À travers les études, l'objet était d’identifier ce qui était vraiment impactant et la façon d'atteindre les objectifs par l'identification des leviers pointus.

 

FDN : Sur la base de l’expérience que vous avez acquise grâce à votre projet ou plan d’égalité professionnelle, quel conseil (étapes, organisation, bonne pratique, idée simple et efficace…) donneriez-vous à une structure qui se lance dans un tel projet pour l’aider à le construire de manière efficace et pour éviter les écueils ?

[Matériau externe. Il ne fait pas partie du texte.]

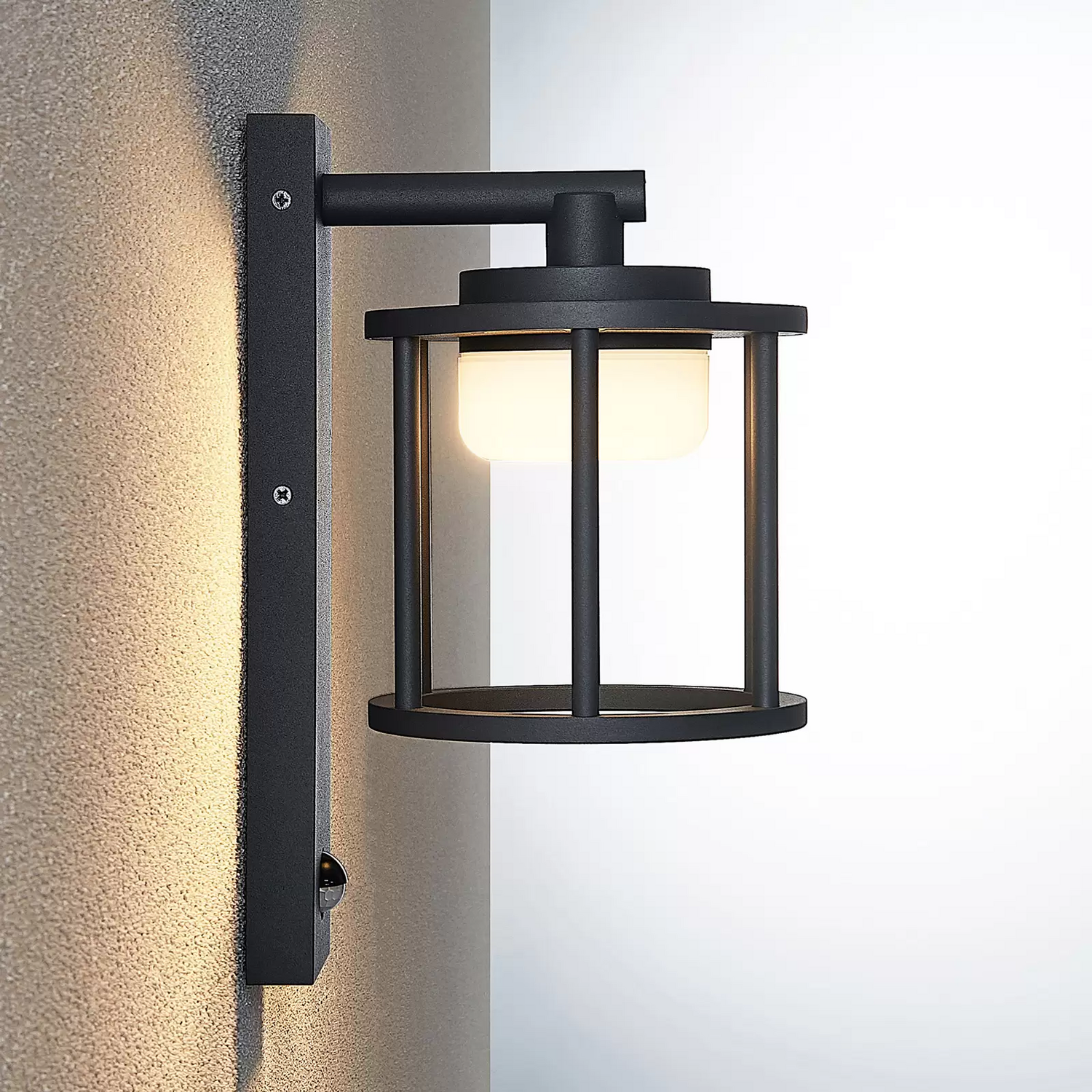 B-Ware Lucande Berenike Außenwandleuchte Wandleuchte Wandlampe Lampe Licht Mit Sensor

LD : Mes conseils seraient :

  • Intégrer les hommes et ne pas faire un système que pour les femmes
  • Envisager une logique de mixité et d'intégration dès le départ dans l'ensemble des processus RH de l'entreprise. Revisiter au vu du prisme égalité professionnelle.
  • Partage des dirigeants et des décisions emblématique de nomination avec des exemples et des rôle models
  • Eviter les « femmes caution », privilégier des femmes bien crédibles. Nommer des femmes talentueuses capables de tenir les jobs sur des postes où elles ne sont pas attendues

Les écueils seraient de raisonner en  :

  • femme uniquement
  • compassionnel et court termisme
  • législation avec la contrainte des quotas et d'image

Établir son business case de la diversité, intégrer des personnes qui raisonnent différemment, des profils nouveaux pour prendre de meilleures décisions et pour assurer une meilleure adhésion et on boarding.  Les dirigeants doivent prendre la parole sur l'engagement des hommes pour être crédibles exemplaires.